Please read Part 1 of this blog first.
4. Real Application - Soundscape Design for Detroit: Become Human
4.1 Design Ideas
4.1.1 Background Setting
Detroit: Become Human is a third-person action-adventure game developed by Quantic Dream. The plot follows three androids: Kara, who escapes her owner to explore her newfound sentience; Connor, whose job is to hunt down sentient androids like Kara; and Markus, who devotes himself to releasing other androids from servitude. These three characters can live or die depending on the dialogue and action choices made by the player.
Writer and director David Cage wanted the story to be grounded in the real world, so the development team chose Detroit in 2038 because of its great past; The city was once a powerful and wealthy place, then went through very hard times, and now it’s gaining increased revitalization. In the game, they thought of Detroit as the fourth playable character and they tried to make this character live, with the soundscape evolving and changing throughout the story instead of staying static [1]. This also reflects the interactive nature of the game's soundscape. For example, in the early stages of the game, the city is sunny and bright. As the story unfolds and develops, it becomes rainy and darker. And then the snow arrives and covers everything near the end. In the soundscape production, it is necessary to design the time and season change through the synchronizer in the sound engine.
As for the design of the city scenes in-game, the production team extended the respawn curve of Detroit to 2038, and imagined what the urban environment would be like then. In the team's vision, technology will become more and more invisible and elegant, as well as more visual [2]. Just as the game eventually presented, the design for the androids’ clothing as well as busses and trams in the city are pleasingly simple. Meanwhile, the e-zine and computer interfaces that frequently appear in the game have a flat design. When it comes to the modeling of vehicles, buildings and androids, the art team didn’t want them to be too futuristic to be true, because 2038 is not far from now. So while highlighting the technology development, authenticity needs to be retained. Everything has to be based on life currently [2]. Therefore, the future soundscape of Detroit also needs to retain some sounds of the past. And, the soundmarks in Detroit must be preserved. The goal is to create something familiar which the player can identify with in this future setting.

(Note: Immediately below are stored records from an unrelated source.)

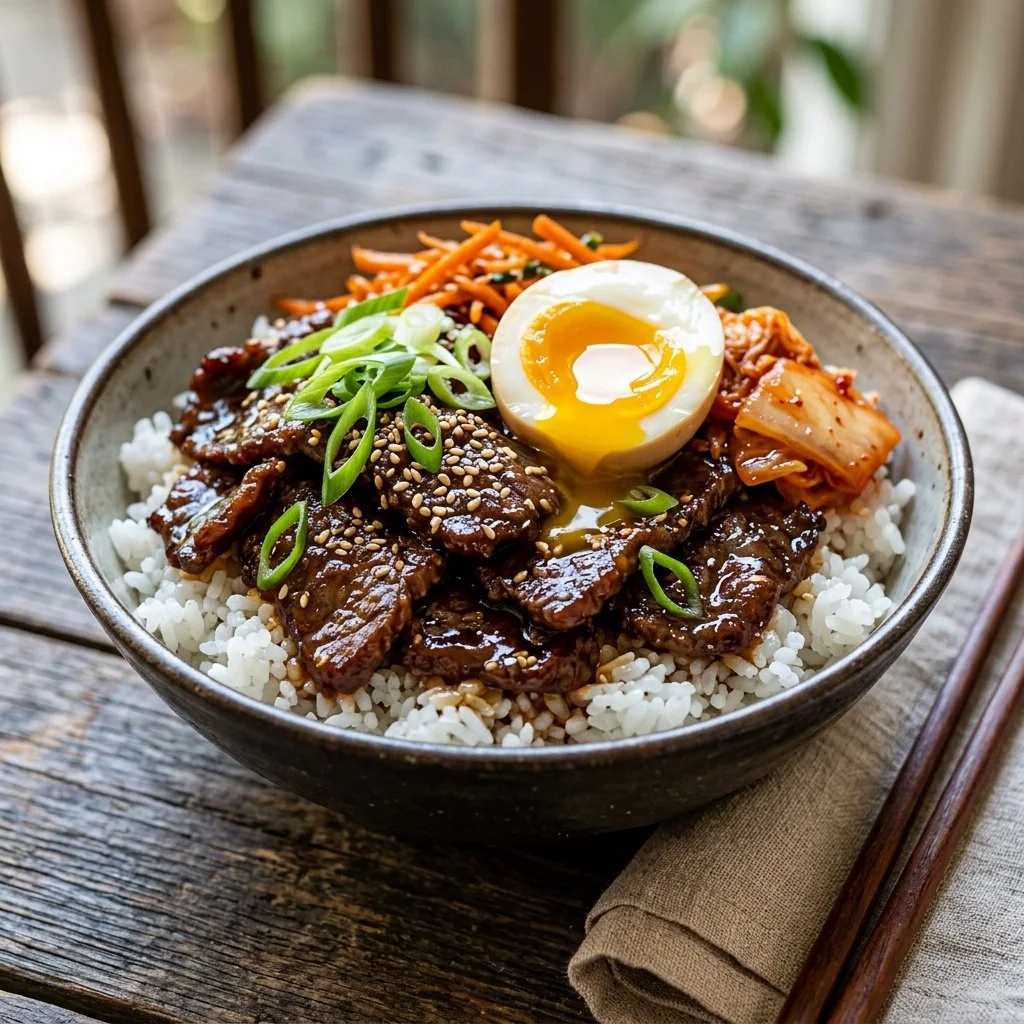 A delicious bowl of Korean beef topped with vegetables and sesame seeds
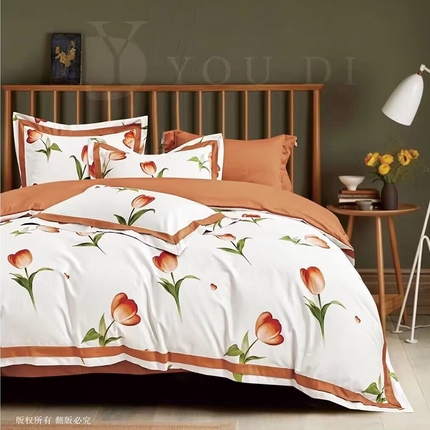 91家纺网 家纺一手货源 找家纺 （总2）未来家居 2024新款优帝100支贡缎长绒棉四件套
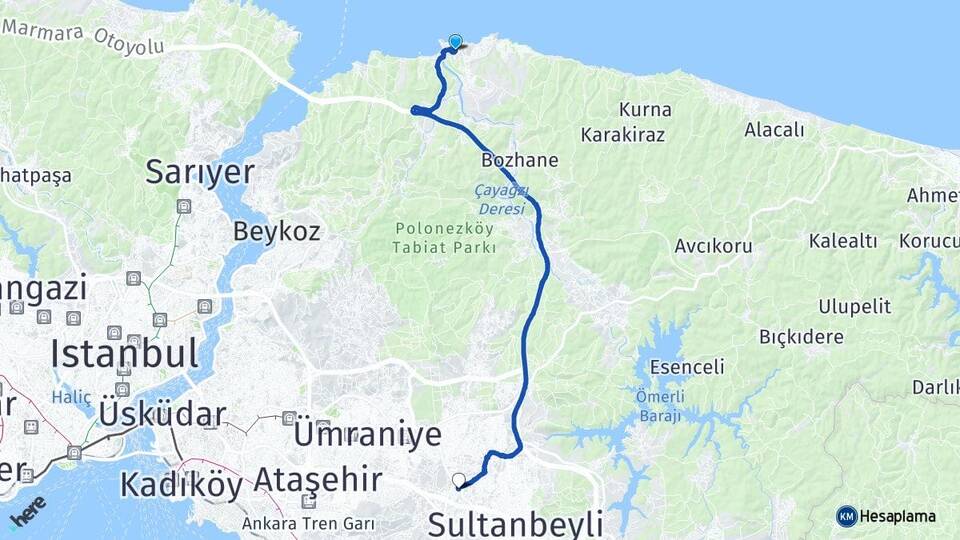 İstanbul Beykoz Riva Sancaktepe Arası Kaç Km - Yol Haritası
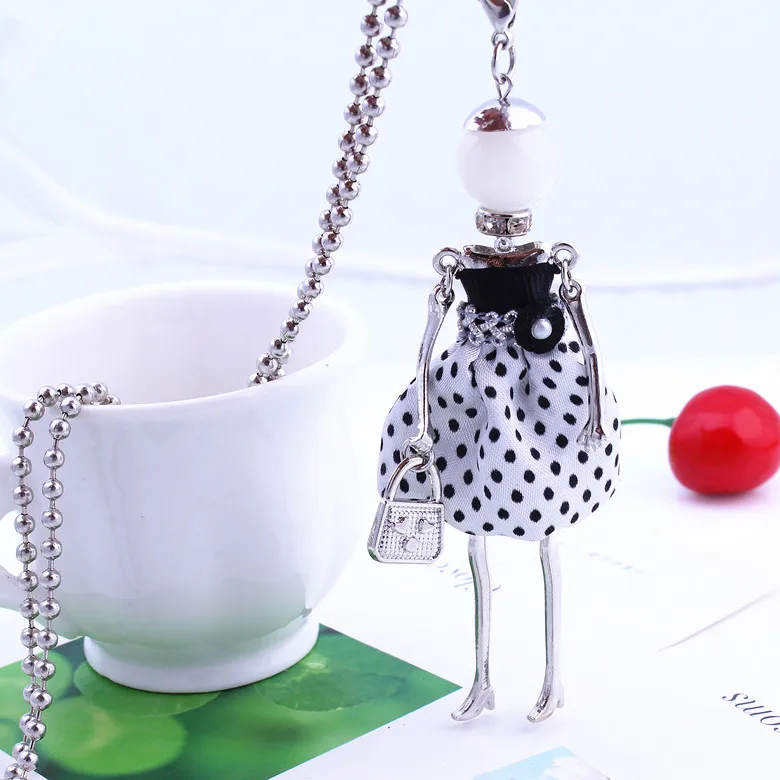 Fashion Doll Pendant Necklace Lovely Dress Doll Necklaces & Pendants Maxi Collares Women Collier Long Necklace Colar Dropship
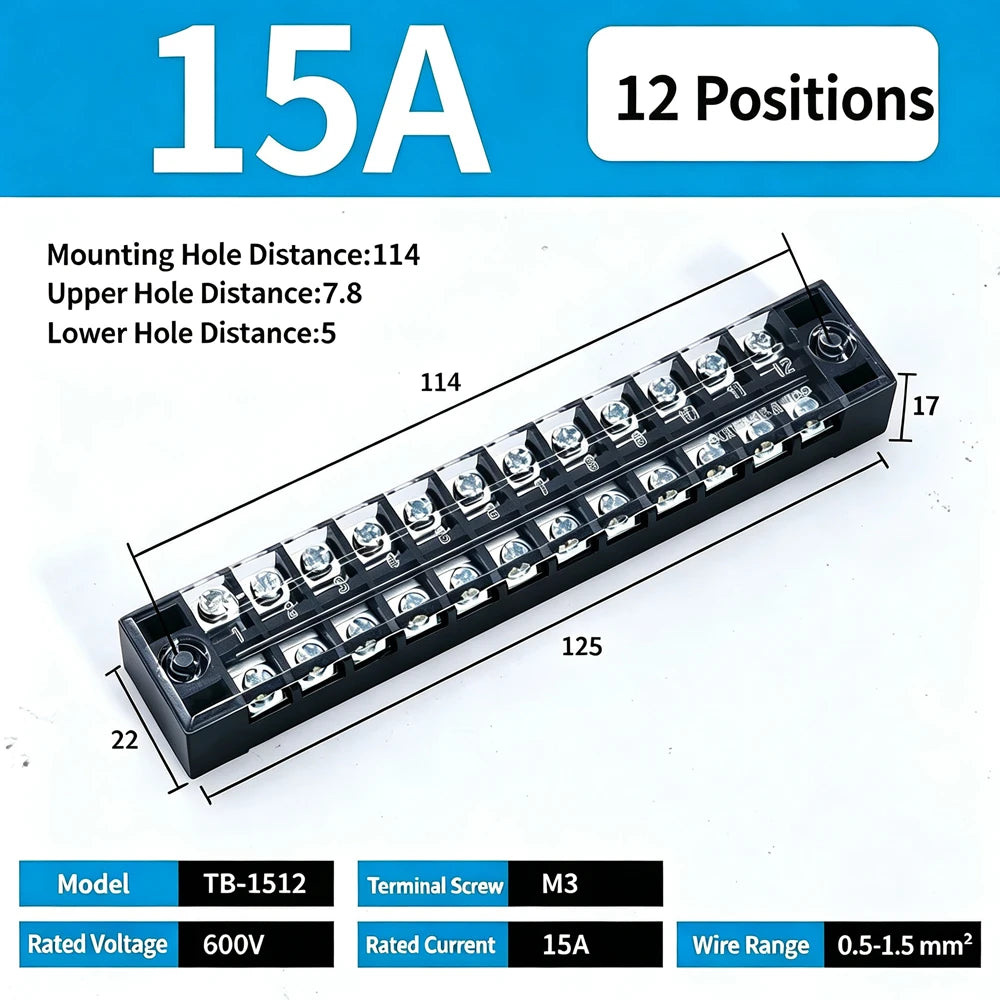 1Pc Dual Row Screw Terminal Block TB1503-TB1520 15A Fixed Wiring Strip Wire Connector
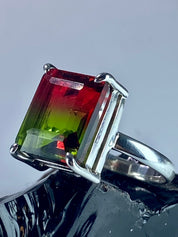 Watermelon Tourmaline Silver Ring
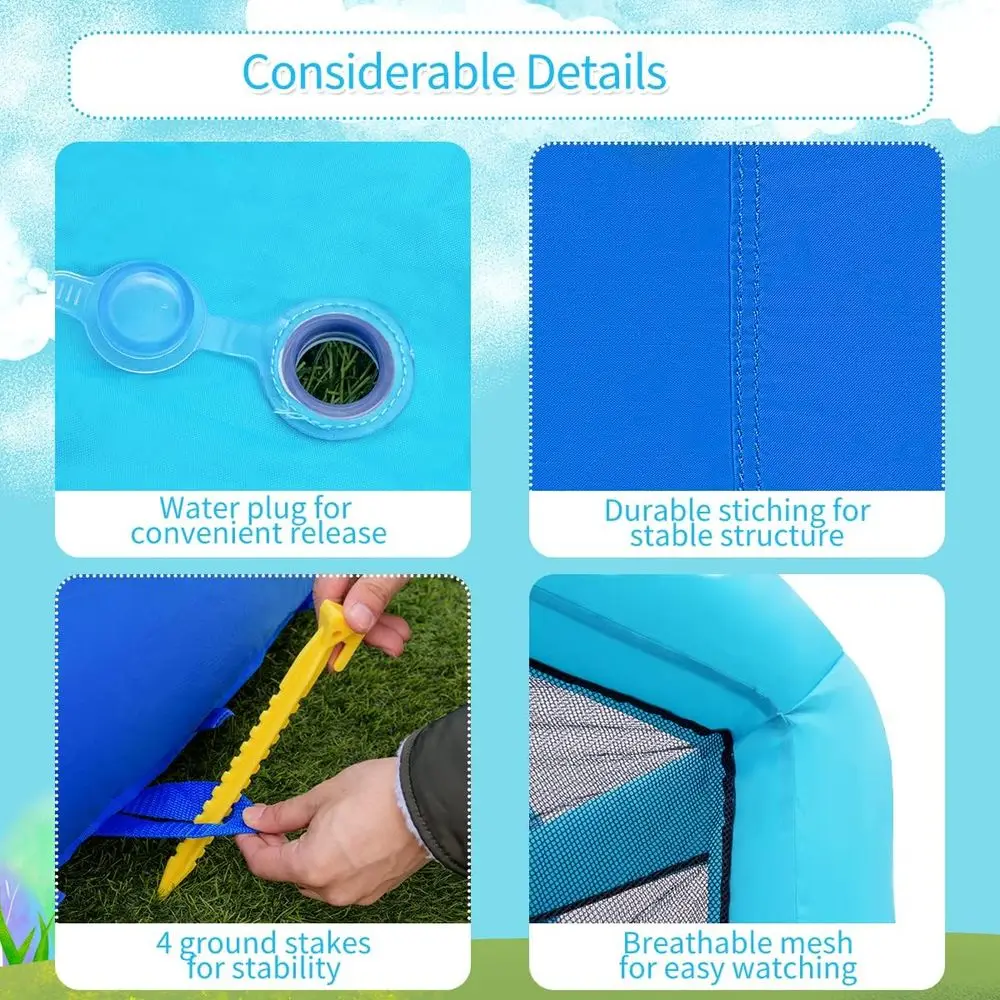 สไลเดอร์น้ำเป่าลม รูปทรงฮิปโป สำหรับสนามหลังบ้าน พร้อมผนังปีนป่ายและสไลเดอร์ ใช้ได้ทั้งในร่มและกลางแจ้ง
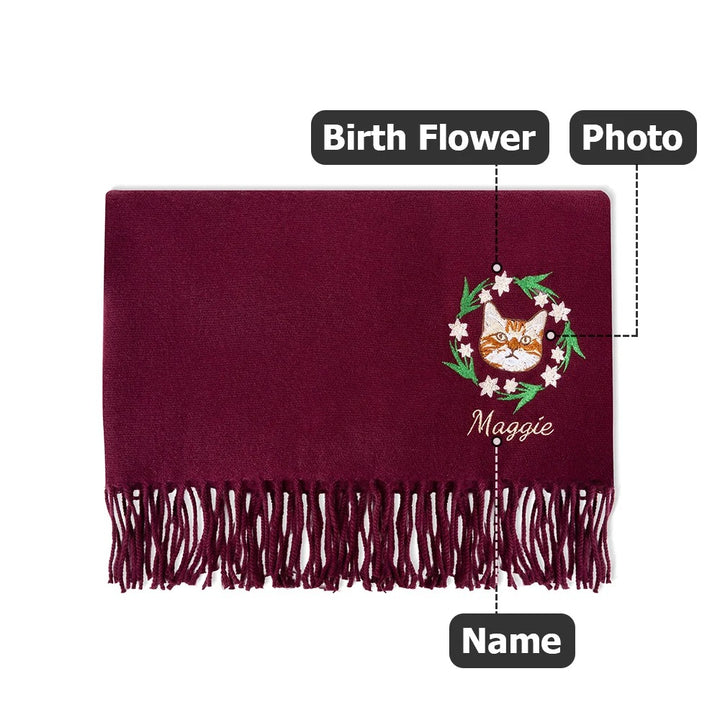 Écharpe à pompon brodée personnalisée avec photo d'avatar d'animal de compagnie, avec fleur de naissance et nom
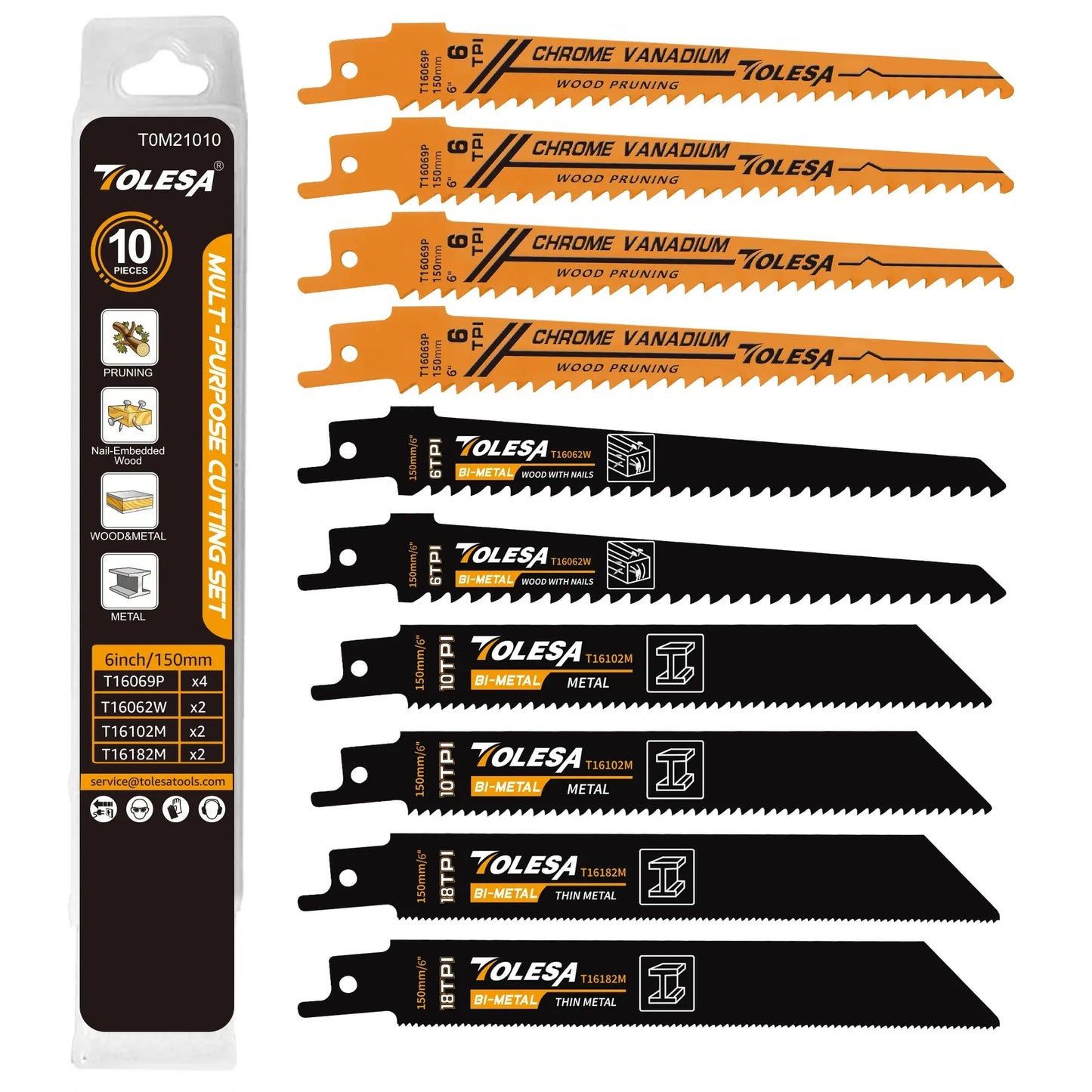 TOLESA 10PCS Reciprocating Saw Blades - Wood Pruning PVC Metal Cutting Sawzall Blades for Demolition Work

After Detroit's local government went bankrupt in 2013, many tech startups were brought in to revitalize the economy. Detroit's wide streets, vacant factories and low land costs made it an android development center in-game. The graphic director Christophe Brusseaux described Detroit as an industrial wasteland [2]. In such a social context, the future soundscape of Detroit in-game needs to present a sense of space, and create an atmosphere with a combination of machinery and rust.
As with other cyberpunk works, the rainy weather is a major element in-game. Kara's awakening and escape, Marcus's appearance and rebirth, as well as many other important episodes, all happened on rainy nights. As a result, the sound of rain becomes a key part of the soundscape. Based on the three characteristics of the game soundscape mentioned before, while creating the rain sound in-game, there should be enough rain assets in order to avoid repetition. Also, the density and loudness of these assets during playback should change along with the ups and downs of the plot. It’s also important to control the level and position of the rain sound while mixing to avoid auditory fatigue and distraction. Also, the rain sound must not cover other sounds.
4.1.2 Characteristics of the Game Soundscape
Previously, I introduced the soundscape concept and the sound design for cyberpunk films. However, when applying these theories to game soundscape design, it’s also necessary to take into account the specificity of games. Unlike the sound production for movies, game sound designers cannot arrange the audio assets on a fixed timeline, because the sound effects in-game are controlled by the player. There are three characteristics need to be considered during the game soundscape design: instantaneity, interactivity and spatiality.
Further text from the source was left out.